Decir mirada, decir Picasso, decir deseo y agrupar dibujos, grabados y gigantografías sobre el cuerpo femenino, la mujer, los amores verdaderos y los modos falsos de representar la percepción que el clasicismo impuso es, por lo menos, elemental. Sin embargo, la exhibición del Museo de la Universidad de Tres de Febrero -que en contra de lo que algunos cronistas afirman, no acaba de abrir sus puertas, sino que lleva ya ocho años de vida- permite acceder a un conjunto de obras capaces de intentar una respuesta a la pregunta que para Diana Weschler atraviesa al gigante del cubismo: "¿Por qué Picasso es Picasso?" Picasso es Picasso, por ejemplo, por esa conciencia creadora que, justamente, no guarda ninguna relación con los biografemas que la propuesta oficial de la muestra busca establecer. Como dirá luego Weschler: "Picasso es Picasso, entre otros cosas, porque detrás de él hay mucho trabajo". Por ende, como ocurre con cualquier otro episodio en la fábula de un artista genio, la obsesión personal es una de las (por lo menos) dos formas de prologar la exposición. La otra, está claro, es la de intentar consignar, recorriendo las tres salas, apuntes para el esclarecimiento de un método constructivo mucho más revulsivo que las famosas tempestades personales del artista.

Si el eterno femenino cansa, la exposición compensa ese hastío al proponer una última escala - la zona de las Dos mujeres desnudas –. Porque si hasta ese momento la mujer deseada no era más que un objeto mil veces representado, las obras del final refieren a Dora Maar y Françoise Gilot, señaladas como los dos grandes amores del artista. Toda una clave, entonces, porque ellas, a diferencia de las otras innominadas, aparecen frontalmente expuestas. Son propias. Están cerca. Un ideologema insoslayable. Nada menor, entonces. Nada menor.
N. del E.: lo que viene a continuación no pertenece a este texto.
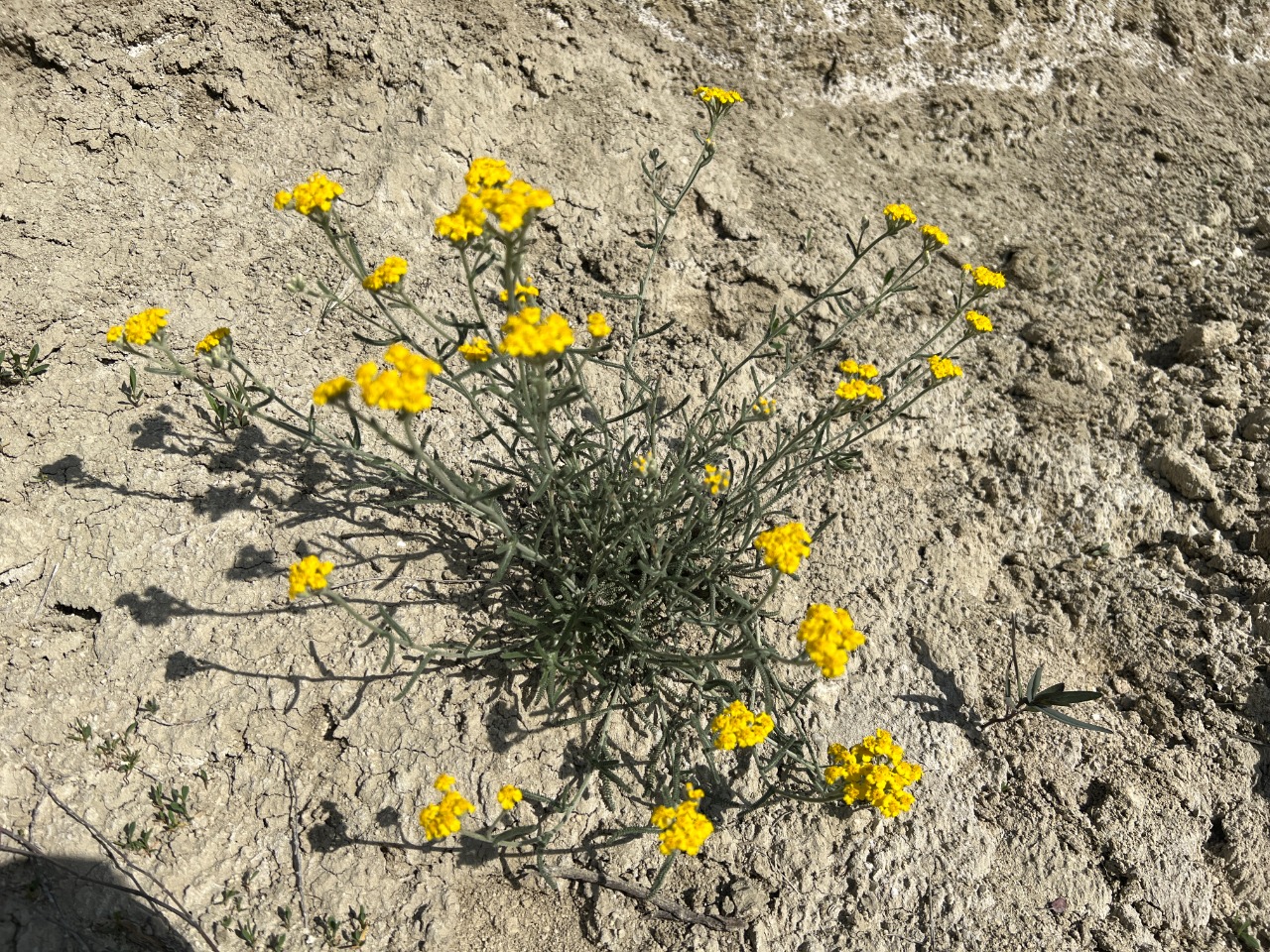 Achillea gypsicola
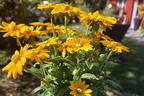 Schwarzäugige Rudbeckie Sunbeckia ® 'Ophelia' - Rudbeckia hirta Sunbeckia ® 'Ophelia'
En la videonota que acompaña este texto, Weschler aporta una visión que evidencia el ánimo pedagógico de la institución, que encara un programa educativo con actividades especiales y visitas guiadas. Un trasfondo de las muestras que el periodismo especializado se empeña en ignorar, y en el que ocurre algo, mucho, y diferente, tan diferente a la inhibición de las salas que un único acercamiento al momento bastaría para decretar el silencio y trabajar en serio por el futuro de la reseña cultural y su razón de ser en el siglo XXI.

Si el desembarco de Picasso en Caseros y no el desembarco de este Picasso expuesto de esta manera en Caseros, provincia de Buenos Aires - suscita preguntas obvias en esa periferia tan céntrica que es la crítica homologada - la muestra se vuelve acontecimiento. Porque ciertamente Picasso. La mirada del deseo no problematiza. Una condición que no clausura la experiencia personal de un visitante y su eventual asombro. Por la negativa o desde la celebración, Picasso en Caseros vale tanto como Fernanda Laguna en Villa Fiorito. A menos, claro, que algunos sigan creyendo en esa alta cultura europea de la que, se supone, ya descreían.